Local submission search string

These citations and links should give you a strong foundation to build on.

Then on an ongoing basis, Vlad recommends to include a citation and link back to your site in your author bio whenever you guest post or write an article for a third party website.

Local SEO 21

Google My Business Category

How To Choose The Right Category For Your Google My Business Page

The biggest problem Andy sees in local SEO is improper categorization of Google My Business listings.

According to Andy:

“People often have no idea how they are categorized or which categories are relevant to their business.”

The result of improper categorization?

Lowly rankings in local search results as Google find it difficult to assess the searches they should list your business for.

Incorrect Google Maps listing

But fear not, this problem is easy to fix.

You just need to follow Andy’s recommend steps:

  • Check to see what categories similar businesses are using in different geographical areas.
  • Browse a list of all categories to see what your options are.
  • Select categories with keyword relevance and add them to your Google listing or in your submission tool.

Once you’ve locked down the right category(s) for your business then you’re ready for the next tip…

Local SEO 22

80:20 Local Citation Building

Local Citation Building: The 80:20 Approach

Don’t get sucked into a citation perfection vortex.

Adam’s local SEO tip is to be smart about how you manage your citations.

“I’ve always urged our clients to focus their energies on forming relationships with top-tier amplifiers (and a few select publishers in their verticals) instead of pursuing a paid-inclusion approach with tier-two publishers.

The reach that businesses like Foursquare, Apple, Google, and Facebook have makes spending additional resources on them a much smarter strategy than spending those same resources on cleaning up listings on tier two sites that receive little traffic and have a much smaller impact on Google’s Local and Local Organic algorithms.”

To sum it up:

Focus your energy on the 20% of citation sites that will yield 80% of your results.

Local SEO 23

Survey Your Prospects

Survey Your Prospects To Increase Your Conversions

The vast majority of local SEO work is focused on increasing visibility and getting users through to a business’s website.

But, that’s just half the battle.

Once your potential customers arrive at your site you need to convert them into leads or customers…

Otherwise all that marketing effort (and dollars spent) means absolutely nothing to your business.

So, before you spend a shed load of cash on PPC or embark on a long and arduous SEO plan, first consider what information your customers want to know and how they want to contact you.

The key information that consumers want from local business websites is this: 

(A) Are the services/products you offer what they’re looking for?
(B) Can they afford your services/products?
(C) How do they get in contact or visit you?

The quicker you can provide answers to these key questions, the better your chances of converting hard earned visitors into actual customers – and money!

In a January 2016 study Bright Local carried out; they found that 41% of local consumers prefer to call a business after they visit their website.

So an obvious tip is to put your phone number in the header and footer of every page of your site.

But also consider this:

20% of people prefer to email; 19% prefer to visit the business location; 10% prefer using ‘contact’ forms and 4% prefer using social media.

The lesson here is that different people prefer different methods…so give your users options and let them choose.

Don’t assume a phone number and email is enough – you’ll be putting the other 30% of consumers off!

So how do you find out all this useful information about what you consumers want?

Myles says you should ask them and watch them.

“We use a great tool called HotJar.
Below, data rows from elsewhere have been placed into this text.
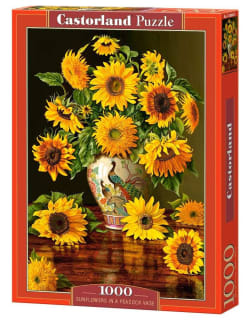 Sunflowers in a Peacock Vase Fine Art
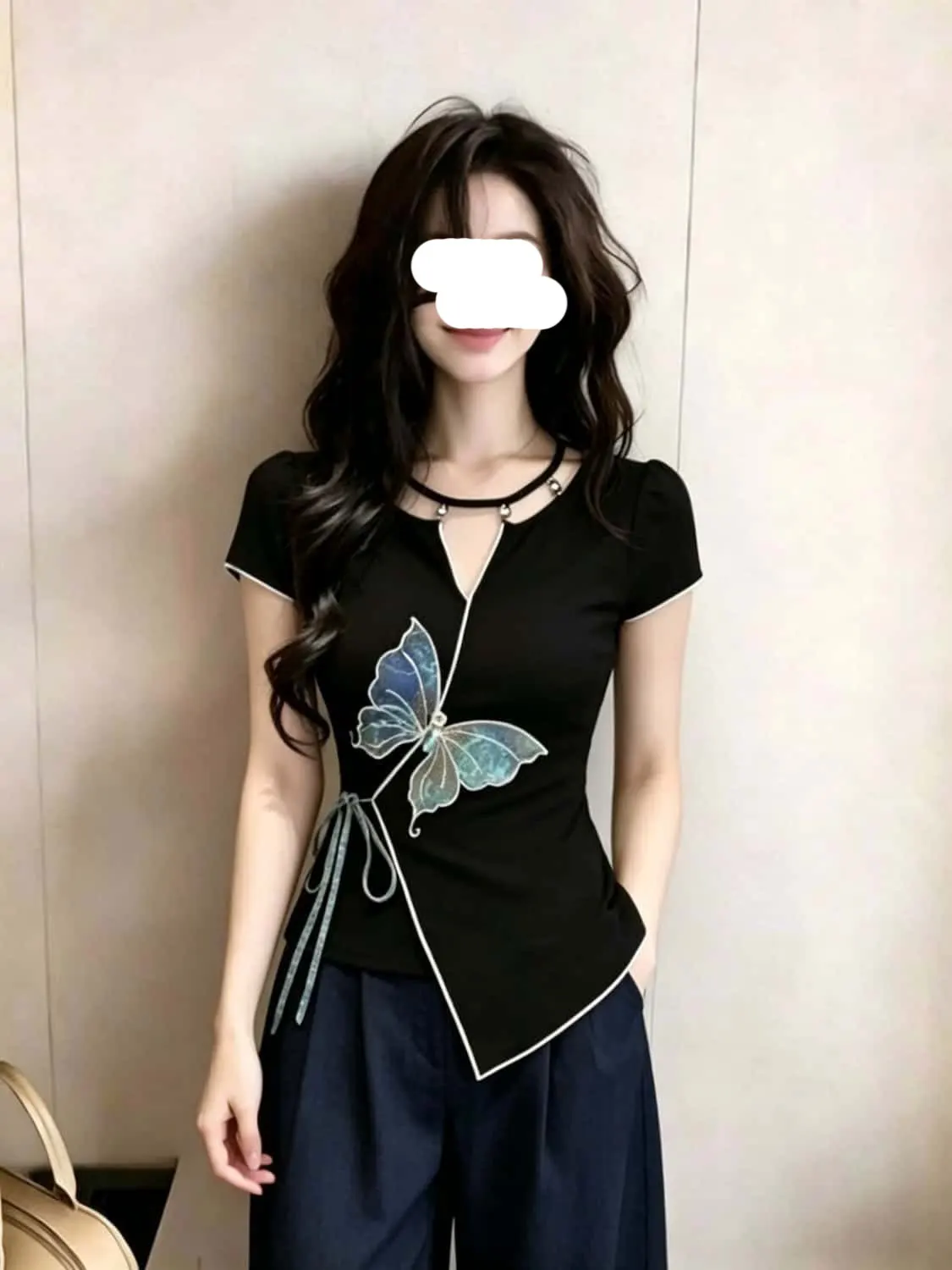 Fashionable Knot Short Sleeve Top Belly Covering Slimming Unique Personality Commuting Top Cleanfit Style Polyester...
Fashionable Knot Short Sleeve Top Belly Covering Slimming Unique Personality Commuting Top Cleanfit Style Polyester...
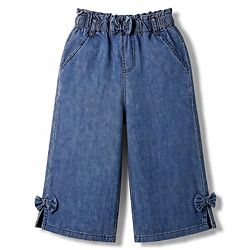 Babyhug Denim Washed ANkle Length Culottes With Bow Applique - Blue
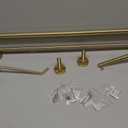 JQK Bathroom Hardware Set, 5-Piece Bath Accessories Set Brass Gold Wall Mount Includes 24 in Towel Bar, 9 in HT Bar, TP Holder, Towel Hook x 2 Brushed Gold, BAS105-BG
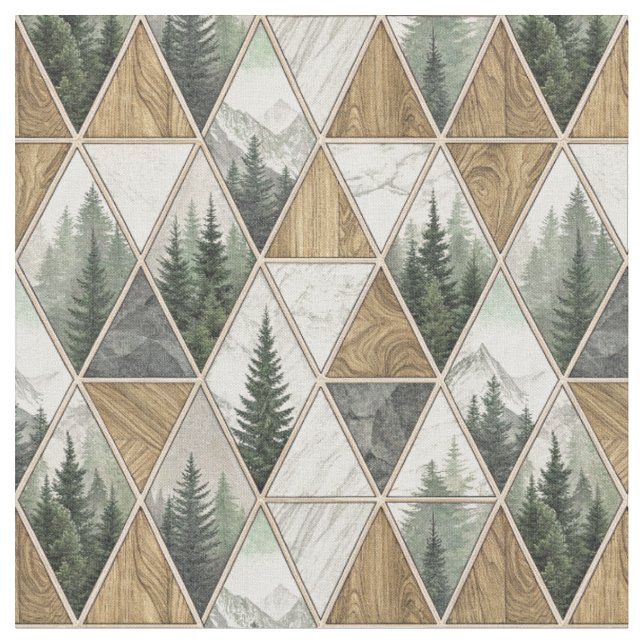 Geometric Mountain & Pine Forest Tile Pattern Art Fabric (Close Up)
It allows us to record every user who comes to our site to see where they go, what they look at and where they drop off. This helps us know where to put important information on the site.”

Hot Jar Heat Map

He continues:

“We also use HotJar to survey users. We ask simple questions such as;-

1. What is the main reason you came to our site today?
2. What is stopping you from using our service today?
3. What is your preferred way of contacting us?
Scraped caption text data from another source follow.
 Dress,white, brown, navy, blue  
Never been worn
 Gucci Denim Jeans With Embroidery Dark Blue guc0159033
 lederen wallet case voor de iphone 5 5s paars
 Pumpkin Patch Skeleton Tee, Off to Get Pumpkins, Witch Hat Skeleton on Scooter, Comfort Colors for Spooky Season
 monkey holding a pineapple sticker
The answers you get back are enlightening and specific to your customers. It’s gold dust for working out what works and what doesn’t so you can fix it and start converting more visitors.”

So do you know what your prospects really want from your website?

Local SEO 24

Rich Local SEO Content

Use This Framework To Create Rich Local Content

To get great results with local SEO you must understand the intent of a (potential) local customer.

As a marketer, it’s your job to make it a no-brainer for potential customers to choose you and your brand.

Interestingly, 75% of the companies that rank in local pack results also happen to rank in local organic search results.

To be one of those companies in your own local market, provide a better user experience that’s aligned with the potential local customer’s user intent…

That is: create BETTER local landing pages.

This goes well beyond creating a page for each city your brand services, or a page per store location.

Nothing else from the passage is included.